Note that \({\mathbb{C}}\) will be calculated based on each test fold, and summarized across all 10 trials. Then, we get the
$$ {\mathbb{C}}\left( r \right) = \mathop \sum \limits_{k = 1}^{10} {\mathbb{C}}\left( {k,r} \right). $$
(32)
Now we can calculate six indicators \(\vec{\eta }\left( r \right)\) based on the confusion matrix over r-th run \({\mathbb{C}}\left( r \right)\).
$$ {\mathbb{C}}\left( r \right) \mapsto \underbrace {{\left[ {\eta_{1} \left( r \right),\eta_{2} \left( r \right), \ldots ,\eta_{6} \left( r \right)} \right]}}_{{\vec{\eta }\left( r \right)}}, $$
(33)
where \(\eta_{1}\) is sensitivity, \(\eta_{2}\) is specificity, \(\eta_{3}\) is precision, and \(\eta_{4}\) is accuracy.

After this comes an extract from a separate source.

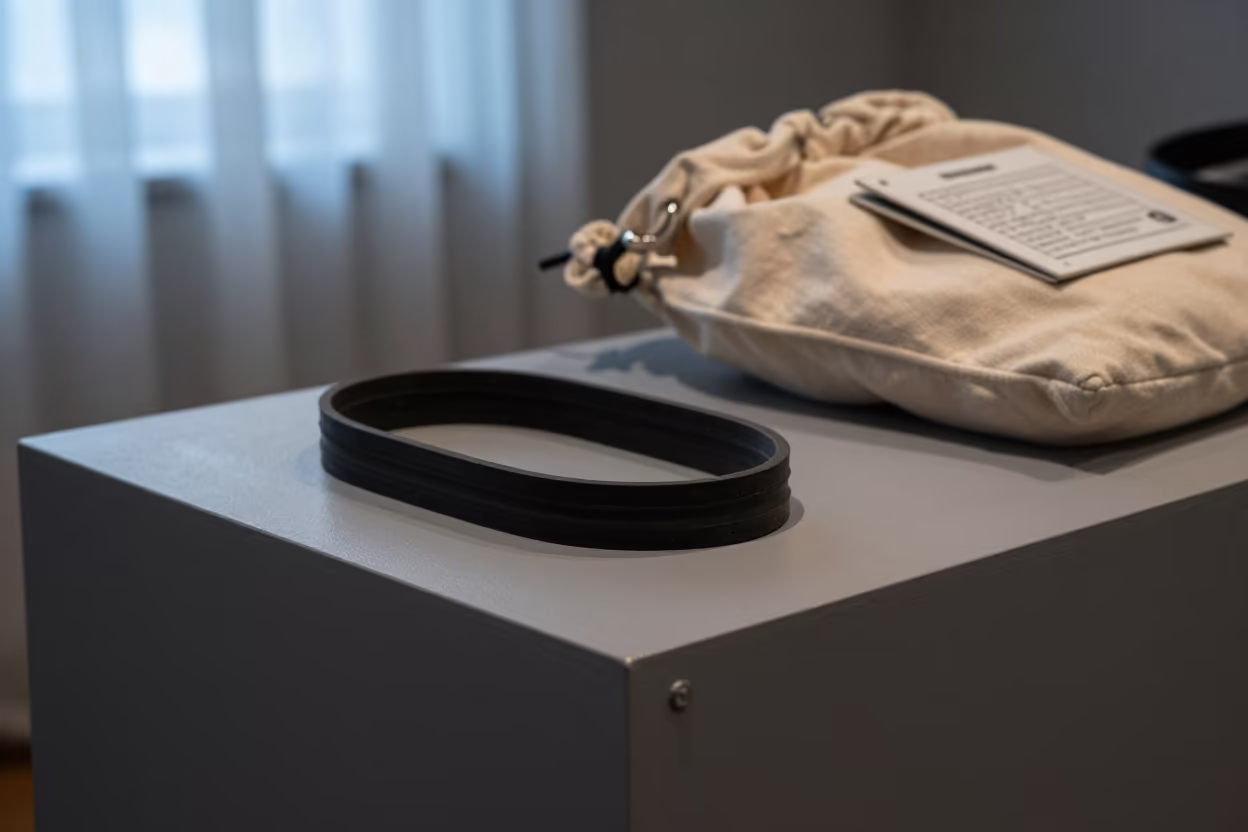 Ammo Can Gasket Tub in Udu Museum in on a museum plinth near Udu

Ignoring variable r, we have:
$$ \eta_{1} = \frac{{c_{11} }}{{c_{11} + c_{12} }} $$
(34a)
$$ \eta_{2} = \frac{{c_{22} }}{{c_{22} + c_{21} }} $$
(34b)
$$ \eta_{3} = \frac{{c_{11} }}{{c_{11} + c_{21} }} $$
(34c)
$$ \eta_{4} = \frac{{c_{11} + c_{22} }}{{c_{11} + c_{12} + c_{21} + c_{22} }} $$
(34d)
\(\eta_{5}\) is F1 score.
$$ \eta_{5} = 2 \times \frac{{\eta_{3} \times \eta_{1} }}{{\eta_{3} + \eta_{1} }} = \frac{{2 \times c_{11} }}{{2 \times c_{11} + c_{12} + c_{21} }} $$
(35)
and \(\eta_{6}\) is Matthews correlation coefficient (MCC)

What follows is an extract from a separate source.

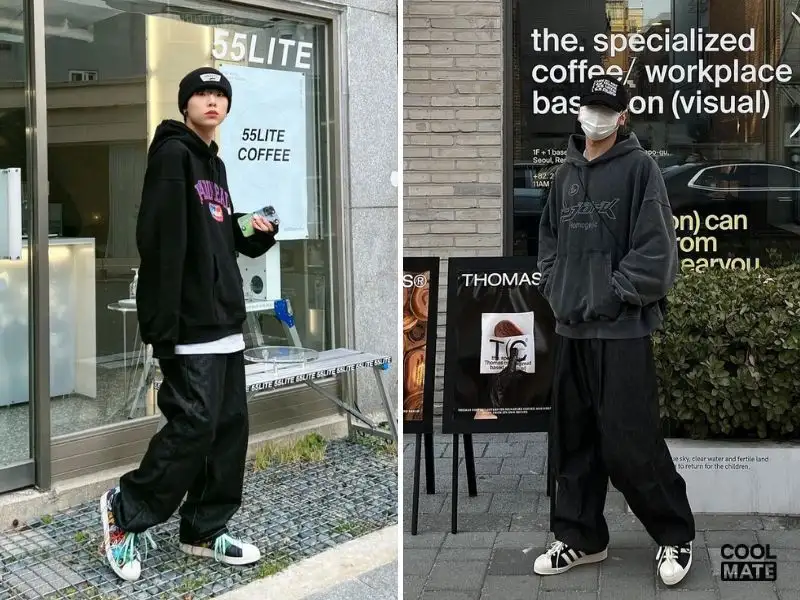 Phối áo hoodie đen với quần ống rộng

$$ \eta_{6} = \frac{{c_{11} \times c_{22} - c_{21} \times c_{12} }}{{\sqrt {\left( {c_{11} + c_{21} } \right) \times \left( {c_{11} + c_{12} } \right) \times \left( {c_{22} + c_{21} } \right) \times \left( {c_{22} + c_{12} } \right)} }}. $$
(36)
The mean and standard deviation (SD) of all six measures \(\vec{\eta }\) will be calculated over all ten runs.

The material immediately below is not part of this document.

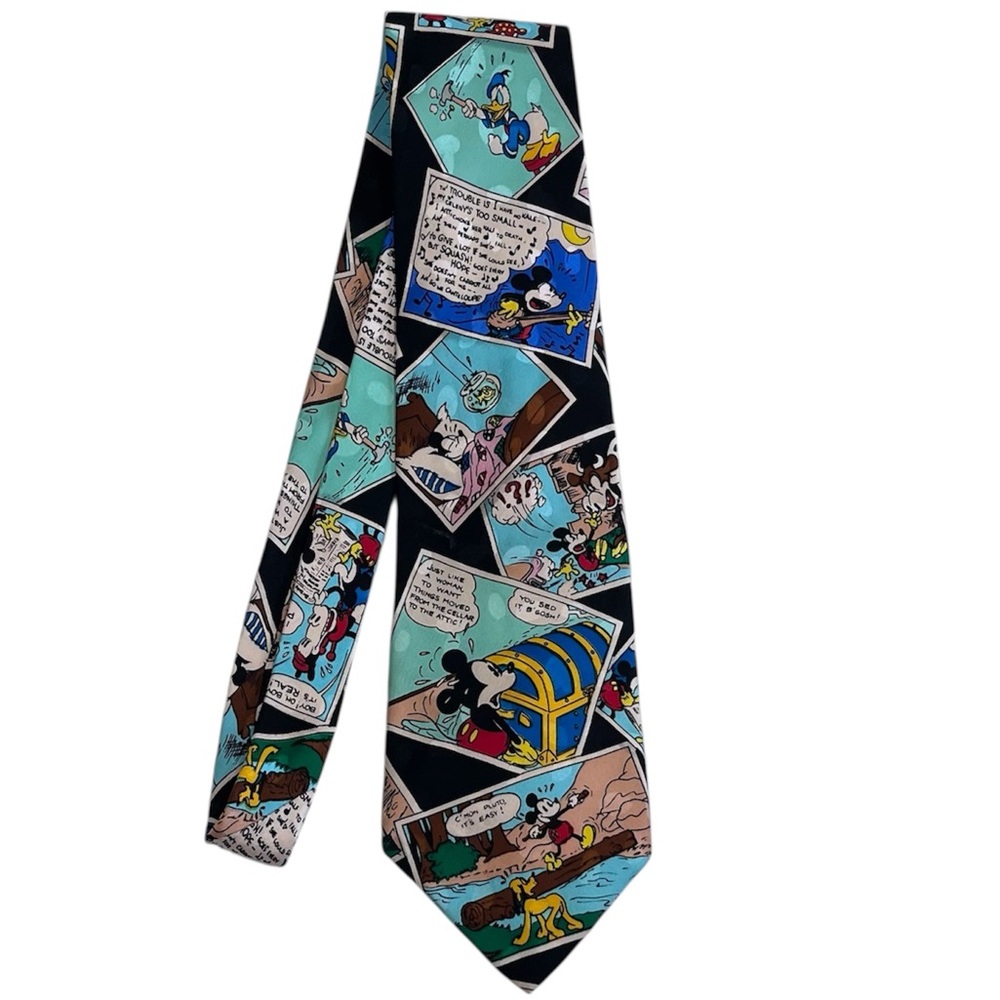 Disney Store Silk Tie Vintage Mickey Minnie Donald Pluto Cartoon Strip Design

$$ {\text{mean}} \left( {\eta_{m} } \right) = \frac{1}{10} \times \mathop \sum \limits_{r = 1}^{10} \eta_{m} \left( r \right) $$
(37a)
$$ {\text{SD}}\left( {\eta_{m} } \right) = \sqrt {\frac{1}{9} \times \mathop \sum \limits_{r = 1}^{10} \left| {\eta_{m} \left( r \right) - {\text{mean}}\left( {\eta_{m} } \right)} \right|^{2} }, $$
(37b)
where \(1 \le m \le 6\) represents the index of measures.